Face à cette conjoncture séculaire, Edgar Morin ne décolère pas. Pour lui, ces guerres peuvent toujours aller vers le fanatisme. En cause, le pouvoir destructeur des armes nucléaires et la dégradation de la biosphère. Un impact « vertigineux » pour l’humanité. « No us allons par cette combinaison vers des cataclysmes » s’inquiète le penseur. L’acolyte de Stéphane Hessel garde une note d’optimisme. « Le pire n’est jamais certain à mes yeux car il suffit parfois de quelques événements pour que l’évidence se retourne. Un appel à l’éveil des consciences pour sauver le sort de la race humaine.

« Nous avançons à toute allure comme des somnambules »

Ce qui indigne le plus le penseur de notre époque, c’est surtout notre aveuglement vers « le progrès ». « Nous avançons à toute allure comme des somnambules » constate le philosophe. Il déplore qu’à notre époque, le système empêche les esprits d’avancer. Seulement, l’homme n’est pas tout à fait désabusé en parlant des grands hommes de pouvoir du XXIème siècle. « Quand l’Angleterre était menacée à mort, un homme marginal a été porté au pouvoir, qui se nommait Churchill. Quand la France était menacée, ce fut De Gaulle.

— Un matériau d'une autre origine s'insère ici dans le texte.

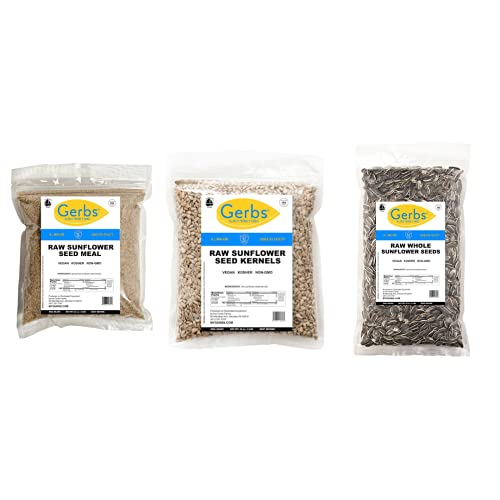Gerbs Raw Sunflower Bundle, 6 Total Pounds (Raw Sunflower Meal, Raw Sunflower Kernels & Raw Whole Sunflower Seeds) Top 14 Food Allergen Free, Non Gmo, Kosher, Made In Rhode Island #TOP20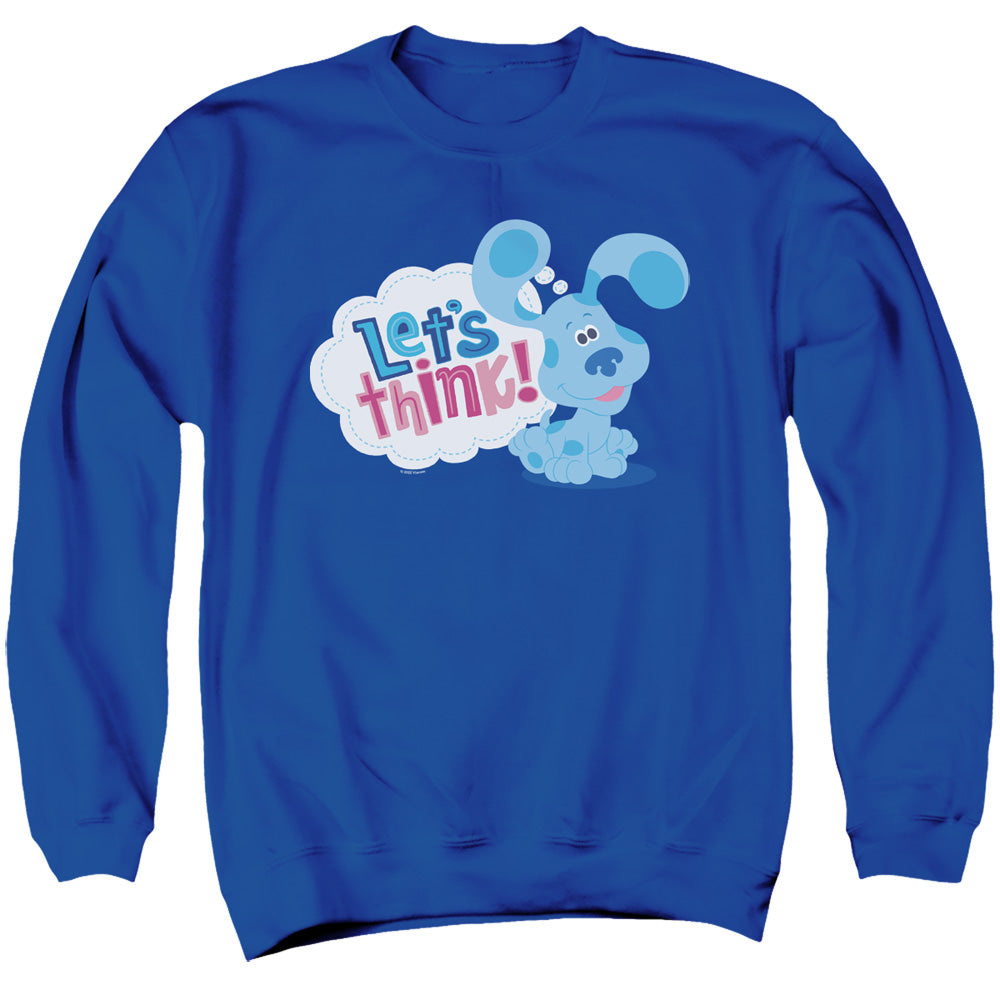 AN OFFCIALLY LICENSED BLUES CLUES & YOU LET’S THINK ADULT UNISEX CREWNECK SWEATSHIRT ROYAL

Pendant la Révolution, de très nombreuses personnes […] comme Hoche ou Bonaparte ; des avocaillons comme Robespierre, de grands tribuns. » donne-t-il comme exemples inspirants. Selon lui, ce sont ces icônes emblématiques de la Résistance qui ont sauvé des crises. Edgar Morin soutient que pour l’heure, la société n’est pas consciente du danger auquel elle s’expose et que nous n’avons pas encore compris que nous allons vers la catastrophe.